Home Fraud Fake Psychiatrist Sentenced to Six Years in Prison

Fake Psychiatrist Sentenced to Six Years in Prison

Fake Psychiatrist Sentenced to Six Years in Prison

On September 19, 2012, the US Attorney’s Office for the Eastern District of Pennsylvania reported that Jo Benoit (Elisa Jo Benoit) of King of Prussia, Pennsylvania has been sentenced to 72 months in prison for health care fraud.  During the fraud scheme, Benoit posed as a psychiatrist and wrote prescriptions.  She was not licensed as a psychiatrist and was not allowed to write prescriptions. 
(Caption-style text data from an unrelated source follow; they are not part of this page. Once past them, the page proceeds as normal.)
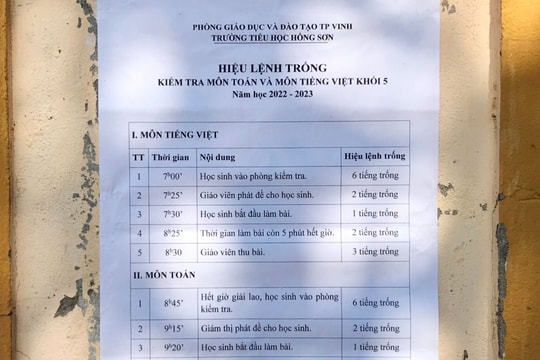 Hơn 9.000 học sinh lớp 5 thành phố Vinh kiểm tra định kỳ cuối năm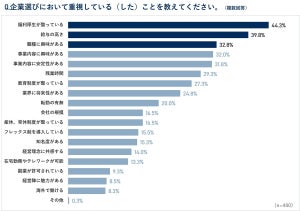 「社員寮に入りたい」と答えた学生は何割?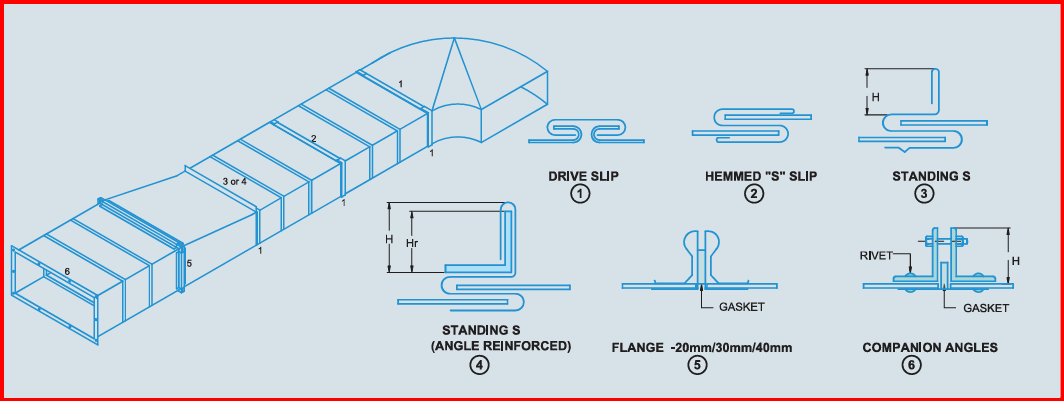 Duct joint types - drive slip, standing S, flange, companion angles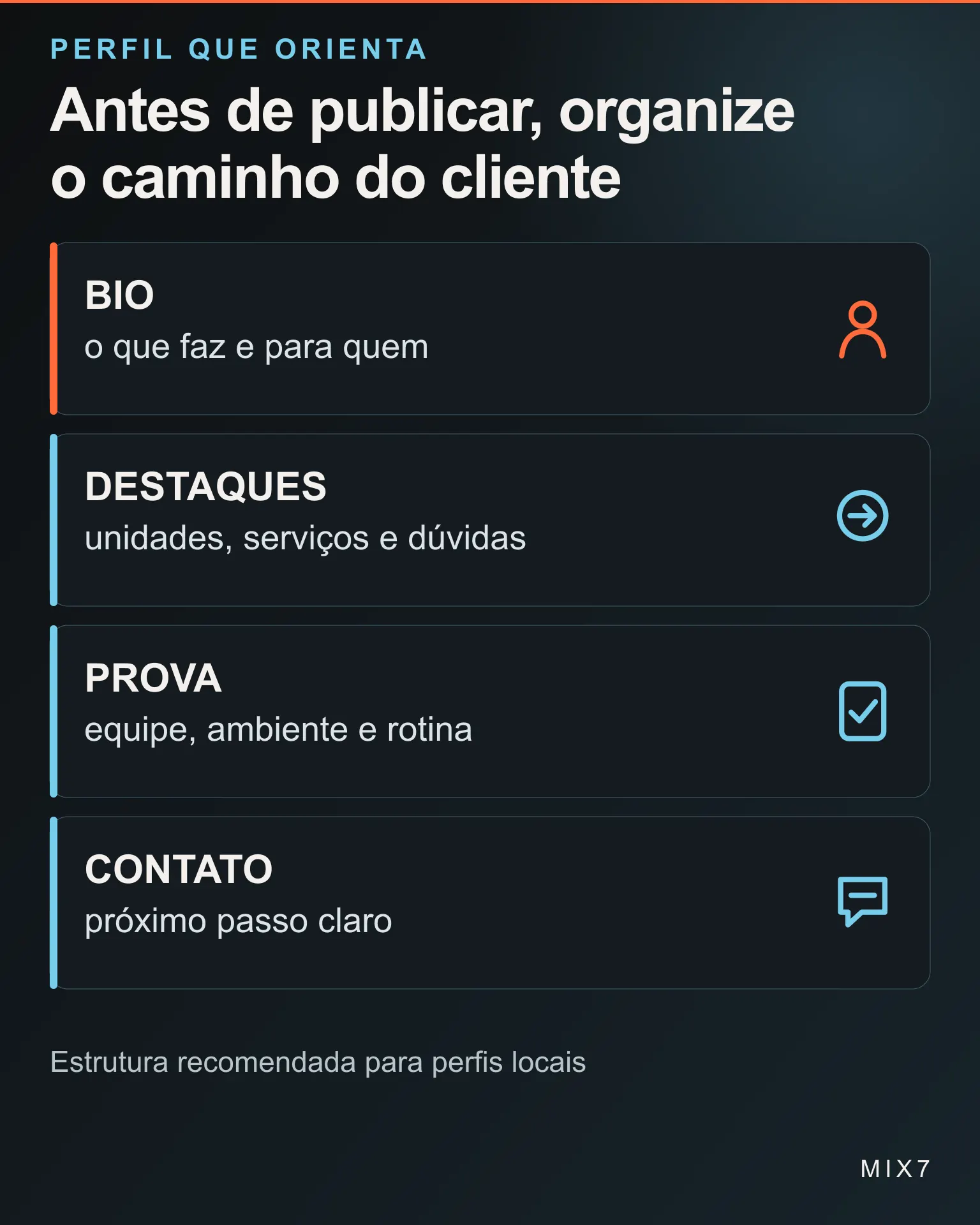 Infográfico organiza bio, destaques, provas e contato para um perfil local no Instagram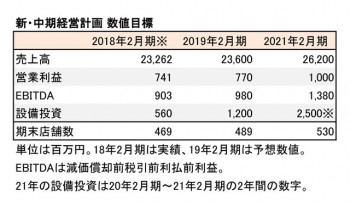 2018年2月期 新・中計数値目標（表3）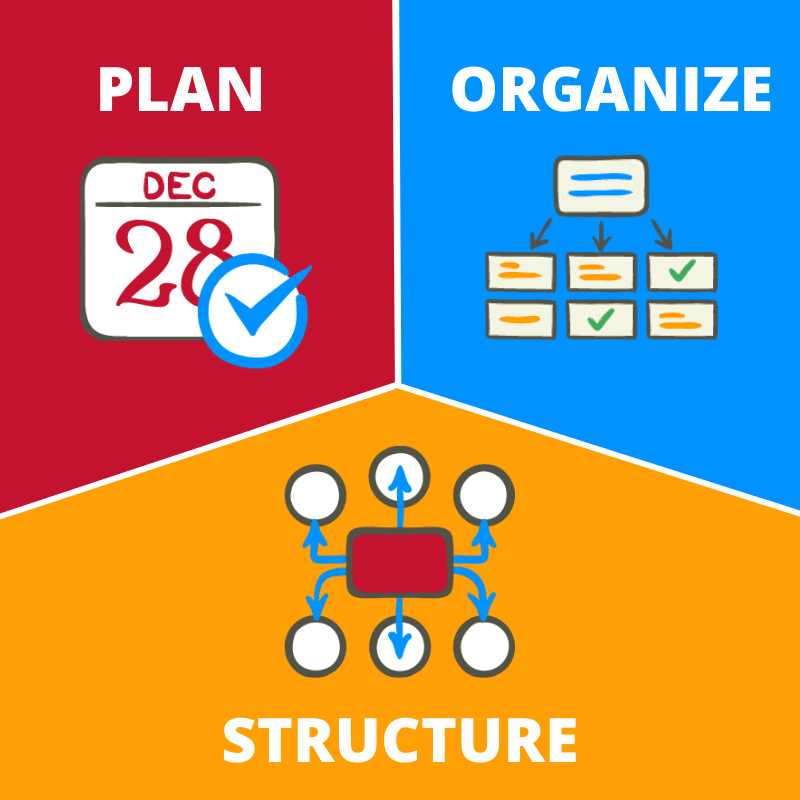 planifiez et organisez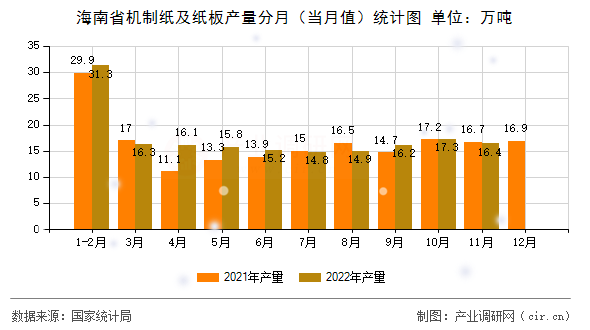 海南省機(jī)制紙及紙板產(chǎn)量分月(當(dāng)月值)統(tǒng)計(jì)圖 海南省機(jī)制紙及紙板產(chǎn)量分月(當(dāng)月值)統(tǒng)計(jì)圖
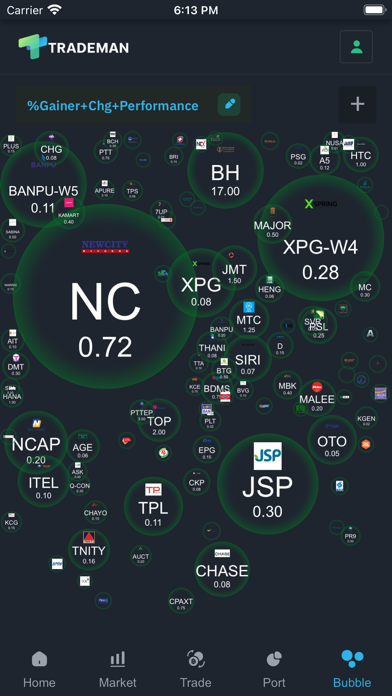Trademan Screenshot
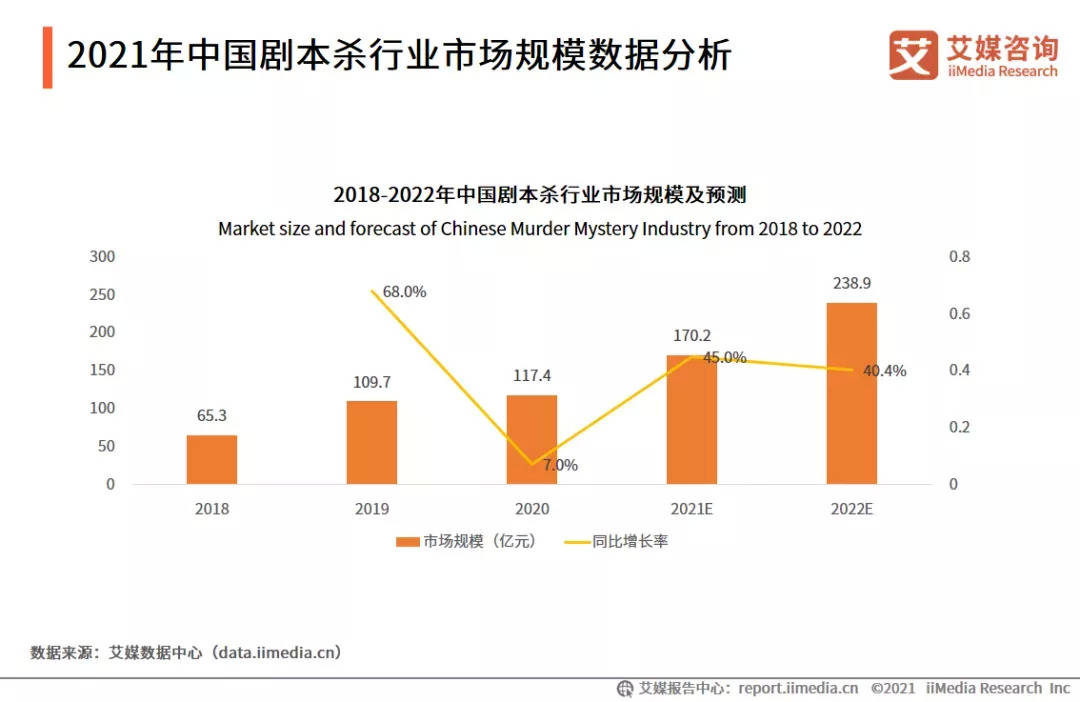 经济对国产电影的影响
Benoit is believed to have written prescriptions for more than 50 people suffering from serious mental health illnesses like bipolar disorder, posttraumatic stress disorder, and more.  She used information from other psychiatrists and even used their names on forged prescriptions.  In one case, Benoit used the identity of another psychiatrist to bill the insurance company over $500,000. 

Benoit founded the clinic called Transition Phase III and operated the mental health clinic from February 4, 2009 to July of 2011.  She advertised the service as “trauma-specific” and provided help to trauma victims, children and members of the military.  In one case, Benoit wrote a prescription for a 4-year-old child.  In other cases, and exposed several patients to serious harm and provided inappropriate treatment options. 

Benoit was convicted on 76 counts of health care fraud, aggravated identity theft, distribution of controlled substances, and the distribution of controlled substances to minors.  She is ordered to pay restitution to patients and insurance companies equaling $422,583.62, and she is also required to pay an assessment of $7,600.  After she is released prison, she will receive 3 years of supervised release.  

Special Agent in Charge Nick DiGiulio stated, “This case demonstrates the many serious problems associated with health care fraud.  Jo Benoit illegally prescribed dangerous drugs to children and military veterans.  She lied to patients about her credentials, provided sham psychiatric service to those with serious mental traumas, stole the identities of legitimate health care professionals, and lied to our insurance programs for money.”

The case was prosecuted by Assistant U.S. Attorney Matthew J.D. Hogan.